Today the story of a few hundred guerrillas fending off the world's mightiest colonial power for almost 80 years is a source of pride on which Maroon identity is based and the defining narrative presented to outsiders.

Doris "Parchi" Parchment, manager of Sunshine Villas in Montego Bay, is one Jamaican who has made many visits to the Accompong Maroons. The Jamaica Tourist Board, which sponsored my trip, was aware that I am an anthropologist with an interest in other cultures and arranged for me to travel to Cockpit Country with Parchment and Nicky Richardson, who acted as my guide for five days.

The route Parchment chose took us up steep tracks that dropped off sharply on the sides. When vehicles came from opposite directions, one had to back up to let the other pass. After some bumpy going, we reached a forbidding limestone landscape of conical hills and yawning basins of deep green vegetation. Pine trees began to appear on the slopes.

Parchment said that in the early 1700s those tracks were just narrow footpaths. In the 1738 campaign, before entering the Cockpit, the British soldiers bivouacked at the Appleton Estates, a great sugar plantation and rum distillery. "It is said that at various points as they were walking up the footpath towards the village, British soldiers would stop to lean against a tree and wipe some sweat off of their brow. Except the tree was a Maroon fighter with hands and feet painted. And when you go to the Maroon celebration on Jan. 6, you will observe that they are dressed in bushes, reminiscent of that time."

Advertisement

Parchment's account of the battle of the Peace Cave, on Jan. 6, 1738, was roughly parallel to that given in the settlement by a village elder.

"The British marched up this hill," she said, "and there were Maroon soldiers lining the entire way. And a man with the abeng horn was placed inside this cave, which they now call the Peace Cave." A stone outside the cave registered the vibration of passing feet. When the last British soldier passed, he blew the horn." The surrounded column was all but wiped out. "At that point the British conceded defeat," Parchment said. The peace treaty of 1739 gave the Maroons the lands on which they now live.
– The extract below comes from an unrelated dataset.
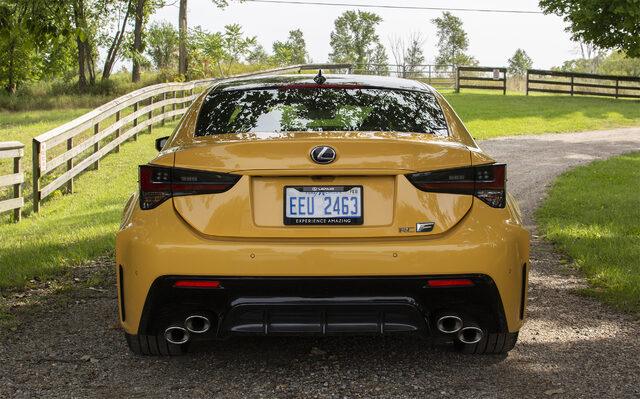 2020 Lexus RC F Rear View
After Parchi greeted her friends, a lean bearded man in a sleeveless undershirt, his hair tucked into a knitted tam, appeared with a knife and a stalk of fresh sugar cane. He peeled the stalk and cut off a section for each of us. Chewing the cane released the sweet juice but resulted in a mouthful of fibers, which I was instructed to discard for the foraging chickens.

After a walking tour of the village, we were treated to lunch under a pole and canvas shelter beside the smoldering cook fire. Roasted breadfruit, yams, and corn, salted fish with onion, were washed down with fresh coconut water (not milk, I was corrected) drunk from the pod. Parchi, regally attired in colorful West African style, was enthroned in an old barber's chair.

Advertisement

The leader of the politically autonomous Maroons, called a colonel, is elected to a five-year term.

Deputy Colonel Rupert Robinson said that the Accompong Maroons have targeted tourism for expansion. "We can cope," he said, "and have the infrastructure now to make them feel at home." An effort clearly had been made to build several tourist-friendly public lavatories in the community, and Robinson said overnight accommodations were available.

Robinson said the Peace Cave, less than a mile from the village, has a crack in it that opens and closes when a certain rock is stepped upon. This enabled Cudjoe, the Maroon military leader, to tell how many British soldiers were passing and when they had passed. The British were ambushed as they rested before the assault on the town, he said. According to Robinson, this defeat convinced the British king, George II, that "enough was enough," and he sent two envoys to hammer out a 15-clause treaty that granted political autonomy in everything except the death penalty.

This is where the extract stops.